Shows about critics are a tricky business. There's a tendency for the writer's words, reproduced in wall texts or captions, to eclipse the pictures, narrowing their meaning to a single interpretation. With one notable exception—Robert Capa's The Falling Soldier (1936), an icon of Republican heroism in the Spanish Civil War whose veracity has recently been challenged—curator Mia Fineman wisely leaves out specific photographs Sontag dwelt upon at length, preferring instead allusive juxtapositions of word and image.

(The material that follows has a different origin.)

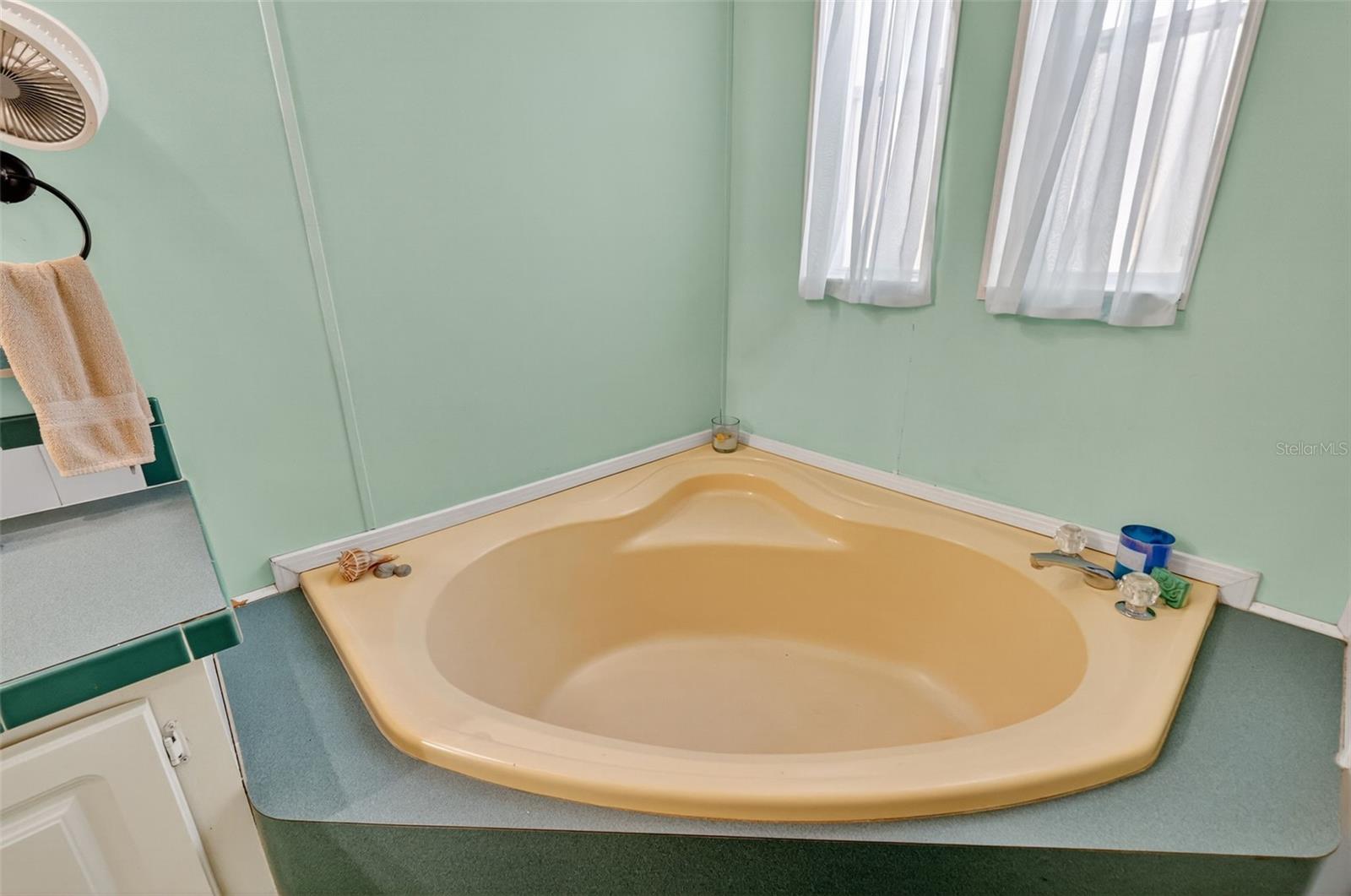 Image 15 of 33 For 13025 Plum Lake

Susan Sontag photographed by Peter Hujar in 1975
Peter Hujar/Alfred Stieglitz Society Gift, 2006
Susan Sontag photographed by Peter Hujar in 1975

Sontag's aphoristic style, heir to Walter Benjamin's epigrammatic insights, works particularly well in this context. (She was heir to Benjamin as well in her preoccupations with surrealism, the politics of the image, and the 19th-century as the cradle of modernity, while Roland Barthes was like her sentimental Parisian cousin in their shared obsession with photography's whiff of mortality.)

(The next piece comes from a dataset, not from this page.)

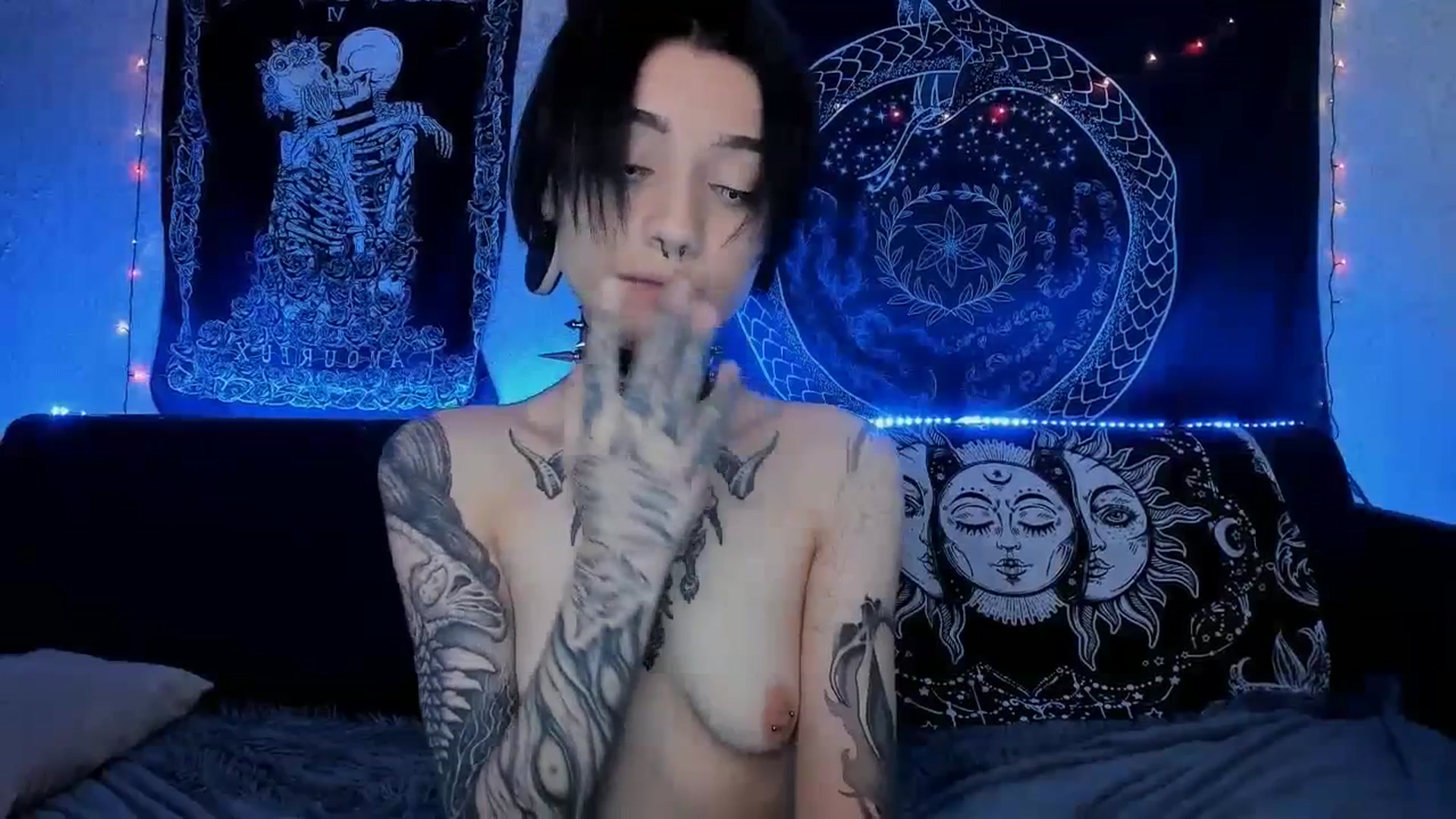 Gallery image thumbnail from Nikki_Carter's myfreecams stream on, 07/17/2023, 05:46 image 18 of 20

So her reflections on the surrealism that "lies at the heart of the photographic enterprise" accompany a picture by Buñuel's cinematographer Eli Lotar, whose Slaughterhouses at La Villette shows severed rows of cattle hooves, lined up in the calm light of dawn like shoes at a Japanese bathhouse. "Seen through photographs, people become icons of themselves," Sontag wrote. Well, none more so than the beautiful 32-year-old author herself, who reclines in Peter Hujar's 1975 portrait and projects an aura of serene self-confidence and domination. (At the Met, she's the last in a delightful line of sacred monsters, from Napoleon Sarony's silk-stocking-clad Oscar Wilde to photo-booth self-portraits by Andy Warhol.) And her thoughts on fascist pageantry find an echo in Leni Riefenstahl's showstopping aerial shot of endless lines of insect-sized, seemingly identical German athletes doing push-ups at the Berlin Olympics in 1936.

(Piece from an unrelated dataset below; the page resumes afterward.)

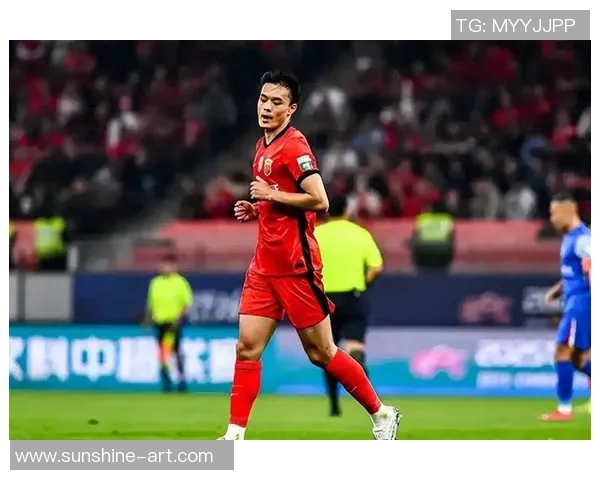 最佳弧线球足球球星是谁他的弯球技艺如何影响现代足球比赛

One might quibble with Sontag's assessments of specific artists; her harshness, for example, toward Diane Arbus, whose posthumous 1972 retrospective at MOMA occasioned one of the writer's more spectacular failures of empathy. But the power of her impassioned amateur's stance remains an inspiration. "Space reserved for being serious," she wrote toward the end of her life, "is hard to come by in a modern society, whose chief model of a public space is the mega-store (which may also be an airport or museum)." Or, one might add, a Chelsea filled with art galleries. But "space for being serious" was precisely what Sontag preserved in her writing—and in the frantic rush to consumption, with most critics simply providing (or withholding) seals of approval on the cultural assembly, line, we would do well to follow her.